══ AVAILABLE DATA
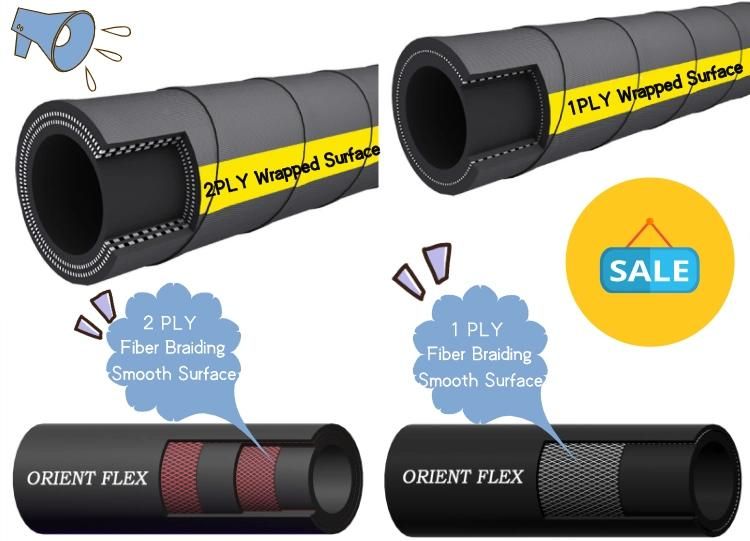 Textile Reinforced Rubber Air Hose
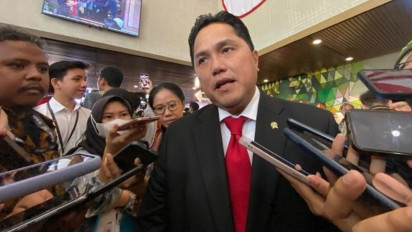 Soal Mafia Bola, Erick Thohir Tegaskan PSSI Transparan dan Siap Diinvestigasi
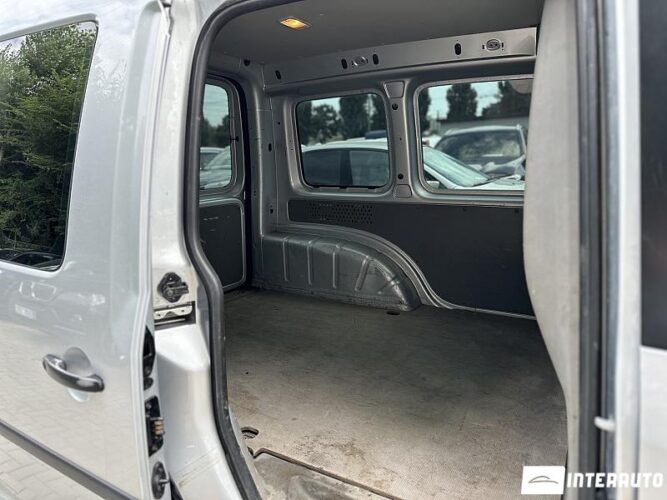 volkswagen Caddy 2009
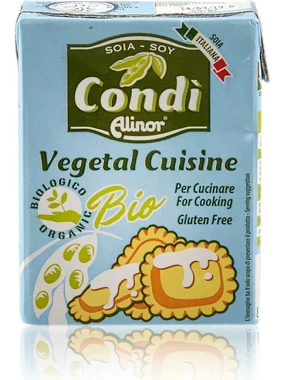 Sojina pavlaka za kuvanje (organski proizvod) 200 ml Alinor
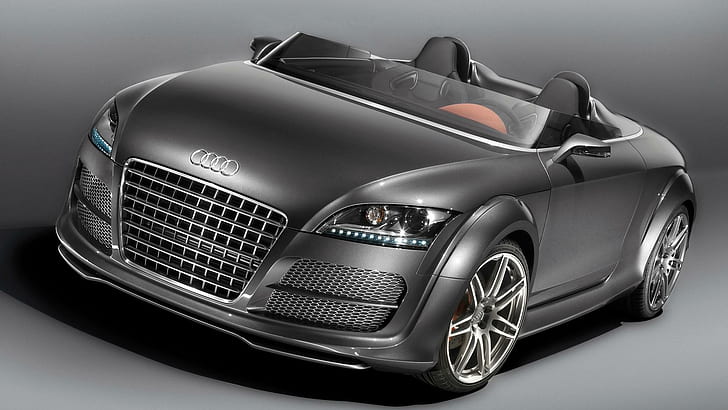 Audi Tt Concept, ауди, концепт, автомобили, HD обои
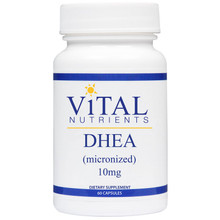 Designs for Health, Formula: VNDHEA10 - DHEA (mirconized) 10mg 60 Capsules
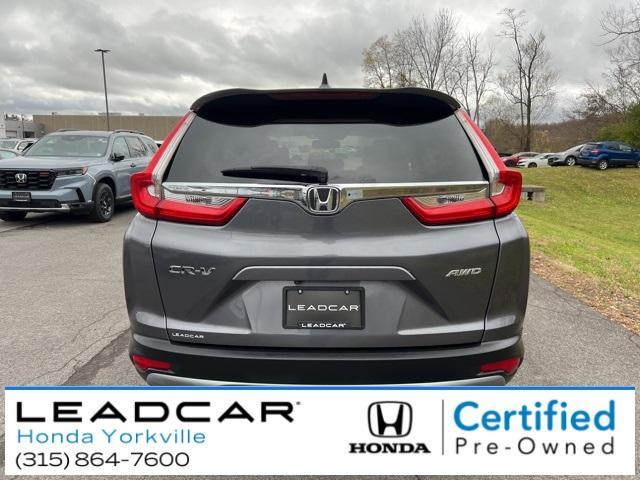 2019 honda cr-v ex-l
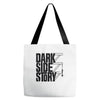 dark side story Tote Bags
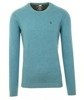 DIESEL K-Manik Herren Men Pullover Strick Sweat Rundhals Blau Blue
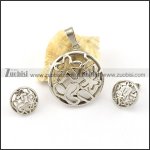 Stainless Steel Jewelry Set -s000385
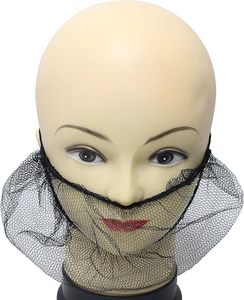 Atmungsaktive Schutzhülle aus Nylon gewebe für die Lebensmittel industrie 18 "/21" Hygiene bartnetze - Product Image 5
════
WHAT YOU SHOULD DO:
Write out again exactly the lines above from the one with "Designs for Health, Formula: VNDHEA10" through the one with "Stainless Steel Jewelry Set -s000385", adding no other lines and no pictures.

WRITTEN RESPONSE:
 Designs for Health, Formula: VNDHEA10 - DHEA (mirconized) 10mg 60 Capsules
 2019 honda cr-v ex-l
 dark side story Tote Bags
 DIESEL K-Manik Herren Men Pullover Strick Sweat Rundhals Blau Blue
 Stainless Steel Jewelry Set -s000385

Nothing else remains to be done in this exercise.